- **Data**
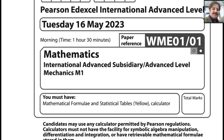Bismillah ar-Rahman ar-Rahim. In the name of Allah, most gracious, most merciful. Dear learners, today I am going to start the Pearson Edexcel A-level exam for Mechanics 1. This exam is taken in the May-June session, year 2023. The paper reference code is WME01/01.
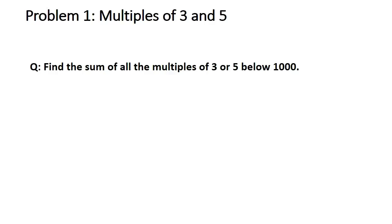First problem says find the sum of all multiples of 3 or 5 below 1000. Let's first of all list all the multiples of 3 and 5, not below 1000 but below 10.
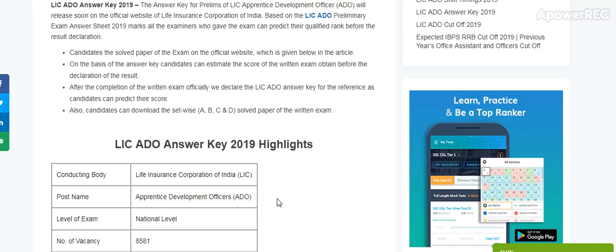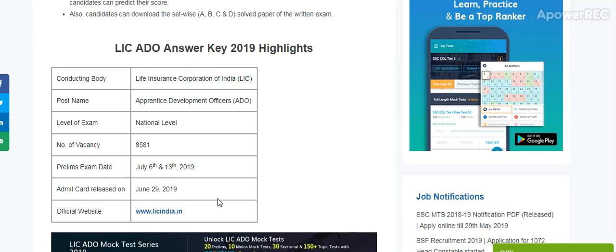The answer key for the Prelim of LIC Apprentice Development Officer ADO will release soon on the official website of Life Insurance Corporation of India. Based on the LIC ADO Prelim Exam Answer Sheet 2019, all students who gave the exam can predict their qualified rank before the result declaration. Here are the LIC ADO Answer Key 2019 highlights.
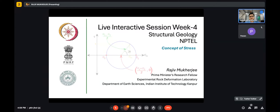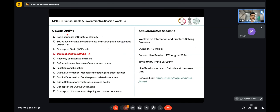Today's discussion session is on the concept of stress. My name is Rajiv Mukherjee, and I am hosting these live sessions. This is the fourth week of the course outline we have already discussed in previous live sessions. We have already covered three weeks worth of content. This live session is held at 4 p.m. to 6 p.m. every Saturday.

- **Work to complete**
The line with "The answer key" marks the end: restate word for word every line from the top of the data through that one, omitting pictures.

- **Task result**
Bismillah ar-Rahman ar-Rahim. In the name of Allah, most gracious, most merciful. Dear learners, today I am going to start the Pearson Edexcel A-level exam for Mechanics 1. This exam is taken in the May-June session, year 2023. The paper reference code is WME01/01.
First problem says find the sum of all multiples of 3 or 5 below 1000. Let's first of all list all the multiples of 3 and 5, not below 1000 but below 10.
The answer key for the Prelim of LIC Apprentice Development Officer ADO will release soon on the official website of Life Insurance Corporation of India. Based on the LIC ADO Prelim Exam Answer Sheet 2019, all students who gave the exam can predict their qualified rank before the result declaration. Here are the LIC ADO Answer Key 2019 highlights.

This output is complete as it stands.